**What this task involves:** Pull every "dark" line out of the data below.

(Beginning of Dataset records)

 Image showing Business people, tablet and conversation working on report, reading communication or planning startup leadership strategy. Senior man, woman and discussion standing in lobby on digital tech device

(End of Dataset records)
(Beginning of Dataset records)

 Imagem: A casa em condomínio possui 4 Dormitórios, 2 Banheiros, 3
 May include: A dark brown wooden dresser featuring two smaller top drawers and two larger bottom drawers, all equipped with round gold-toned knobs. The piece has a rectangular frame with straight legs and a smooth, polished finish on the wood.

(End of Dataset records)
(Beginning of Dataset records)

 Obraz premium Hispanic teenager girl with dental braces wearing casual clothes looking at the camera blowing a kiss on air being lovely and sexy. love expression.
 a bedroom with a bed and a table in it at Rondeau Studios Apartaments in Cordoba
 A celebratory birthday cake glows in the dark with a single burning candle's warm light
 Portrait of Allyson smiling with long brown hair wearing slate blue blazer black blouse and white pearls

(End of Dataset records)

**Completed exercise:**
 May include: A dark brown wooden dresser featuring two smaller top drawers and two larger bottom drawers, all equipped with round gold-toned knobs. The piece has a rectangular frame with straight legs and a smooth, polished finish on the wood.
 A celebratory birthday cake glows in the dark with a single burning candle's warm light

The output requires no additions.